The group argues that under the proposed bill, quality health insurance plans must be provided and any insurer working with a trade association would be required to be licensed in every state in which the small-business plan enrolls participants, which means they would be regulated by the state’s insurance commissioner.

And even though a small-business health plan can provide insurance offerings that don’t comply with state mandates, at least one additional plan option would have to be presented that complies with the state mandates or with coverage offered by a state employee plan in one of the five most populous states, NAR maintains.

The legislation will be a top focus at the NAR midyear legislative meeting, which starts today in Washington, D.C. Realtors from across the country are expected to converge on Capitol Hill on Wednesday to meet with members of Congress about the bill and other concerns.

The health care issue resonates here in Massachusetts, where state leaders passed a first-in-the-nation law last month that requires all residents to have health insurance by July 1, 2007.

Stephen Ryan, general counsel and government affairs director for MAR, said self-employed workers will have to verify on their state income tax returns that they acquired insurance through a provider – and if they are not insured, any refunds will be withheld and penalties will be imposed in subsequent years.

Anne Rendle, chief executive officer of the Northeast Association of Realtors, said she gets several calls every month from members who ask if they can obtain affordable health care coverage through MAR or NAR – which both provide discounts on other types of services and products.

“We have to tell them that we can’t offer that,” Rendle said. “It’s so sad when people call me up because they say, ‘I have nothing – no insurance at all.'”

Rendle often refers agents and brokers to the local Chamber of Commerce, which offers a health insurance plan to its members. She said when she heard that NAR was making the small-business health plan legislation a priority, she was “delighted.”

“It’s the No. 1 thing I hear from members that they really want, and they don’t understand why we can’t do it,” she said.

Don McMeniman, who manages the offices of Dick Lepine Real Estate in Dracut, Westford and Lowell, estimated that at least half of the approximately 70 agents at his company don’t have insurance.

McMeniman said he pays $1,000 a month to insure himself and his wife. He would be paying much more if he were not a member of the Greater Lowell Chamber of Commerce, which gives him access to a small group plan.

Some real estate agents are able to get good insurance coverage because a spouse works for a company that provides a health care plan, but many can only afford catastrophic insurance, he said.

As a group, Realtors tend to be older and therefore have an even tougher time accessing affordable health insurance. According to the most recent member profile done by NAR, the median age for Realtors nationwide was 52 years old.

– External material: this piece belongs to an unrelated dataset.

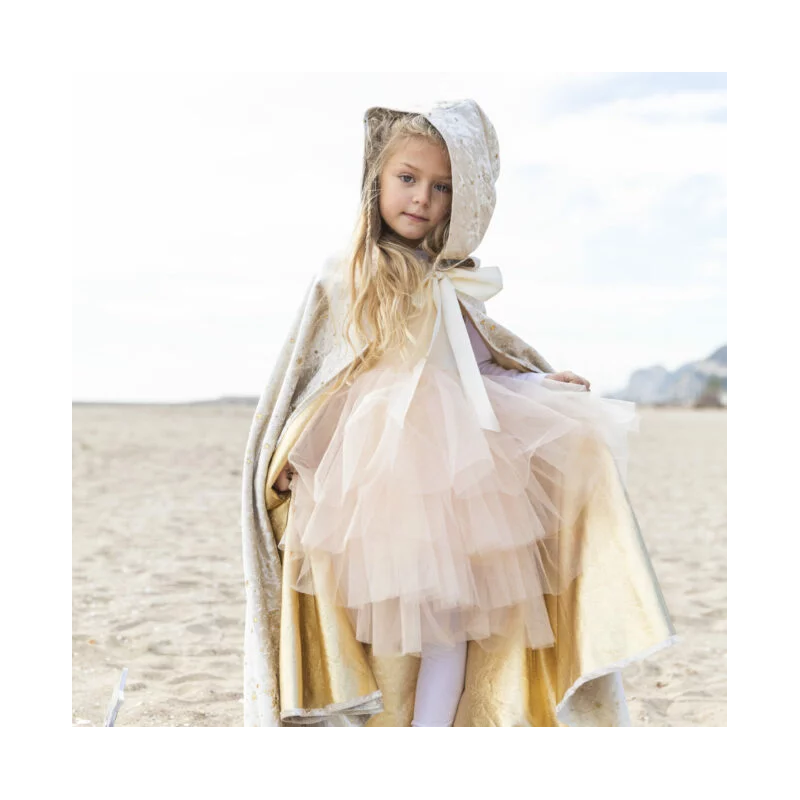 Cape fairy velours imprimé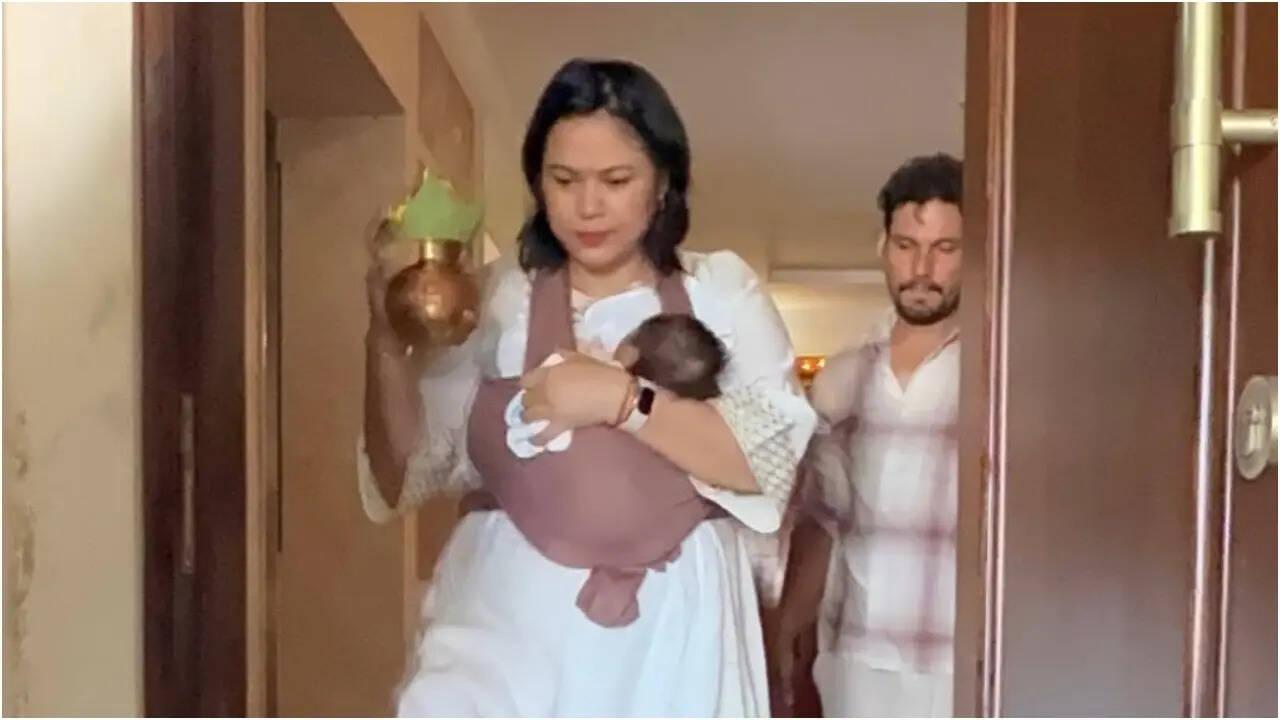 Lin shares NEW photos of Randeep and their baby girl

Larger real estate firms typically offer coverage to executives and staff, not sales associates. Of 1,800 Realtors responding to a recent MAR survey, more than half indicated that they purchase health insurance themselves.

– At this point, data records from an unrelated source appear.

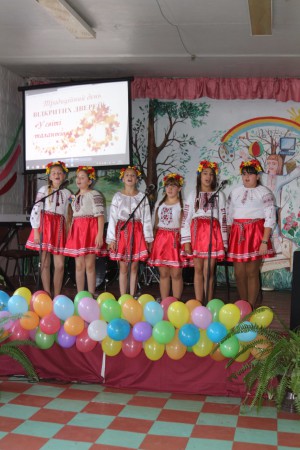 Традиційний день відкритих дверей "У світі талантів" 2016р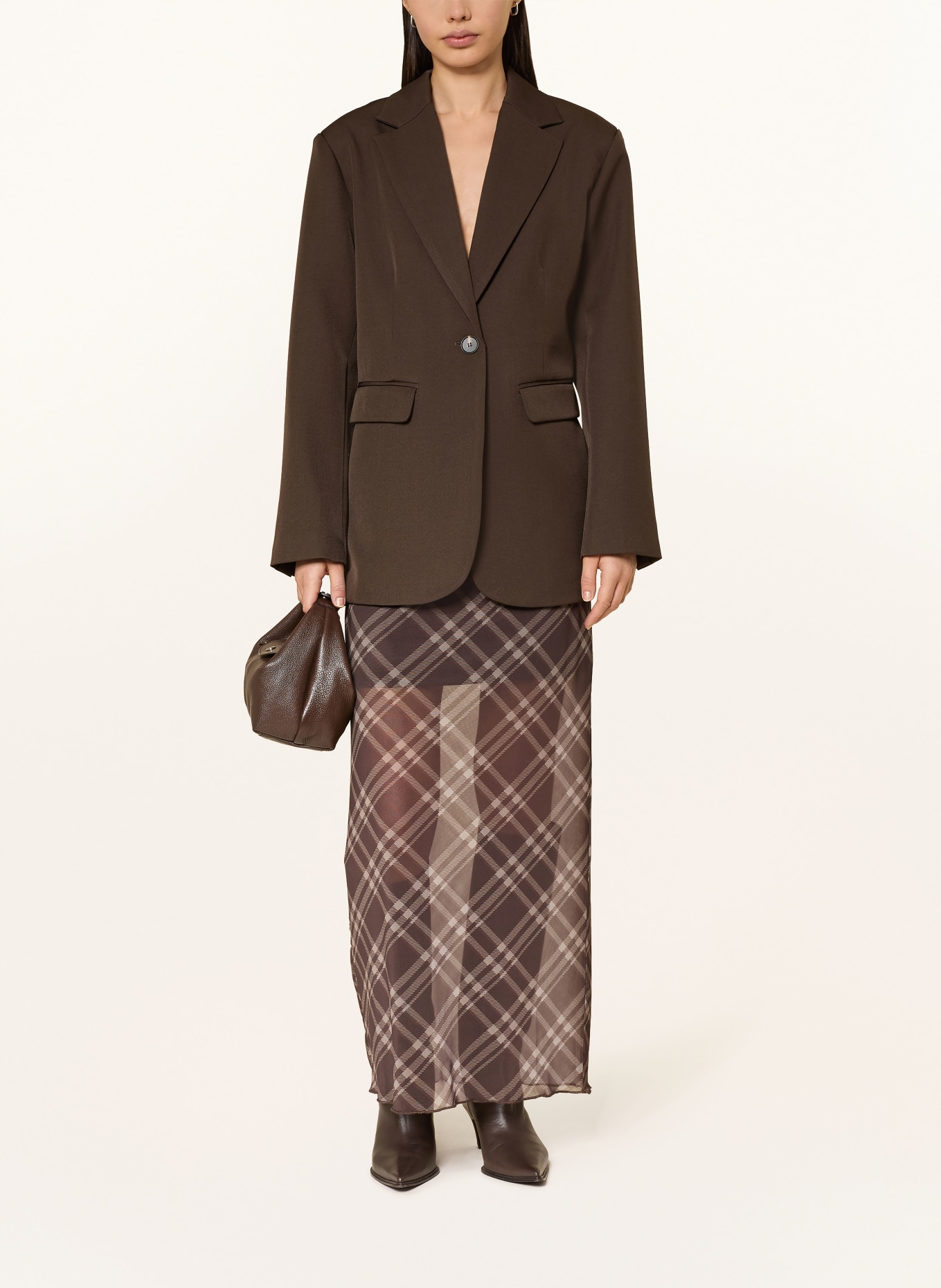 NEO NOIR Sako AARIELLE: TMAVĚ HNĚDÁ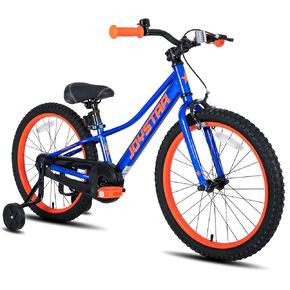 JOYSTAR NEO 20 Inch Kids Bike for Ages 6-10 Years Old Boys & Girls, 20 Inch Wheels Kids Mountain Bike with Training Wheels & Handbrake, Kids' Bicycles, Multiple Colors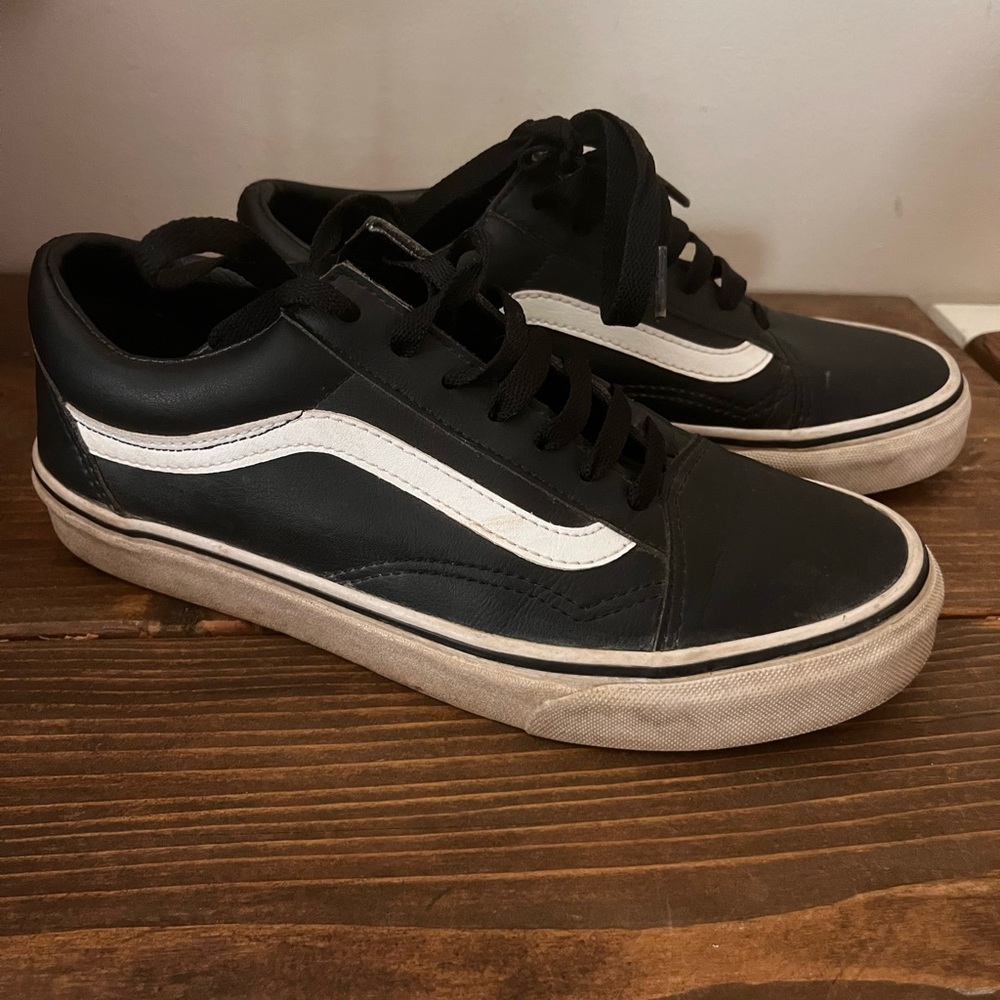 Vans leather Old Skool Sneakers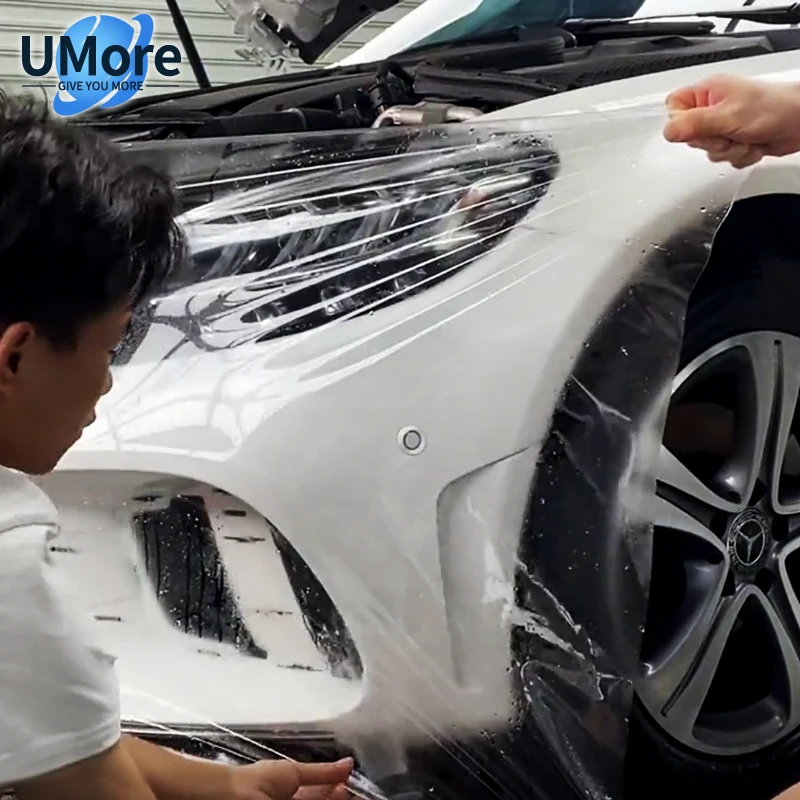 XPEL Self healing Anti Scratch Glossy Transparent TPU PPF Paint Protection Film Anti Yellowing Car films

And 96 percent of the respondents said they want to see the Realtor association make some type of health insurance plan available now that the state has mandated health insurance coverage.

Authier, MAR’s chief executive, said the bill being debated by the Senate would put small businesses on the same footing as companies and unions, and enable them to pull together to get better rates on health insurance.

With 1.2 million members, NAR would certainly be in a strong position to negotiate favorable rates for its membership, noted McMeniman.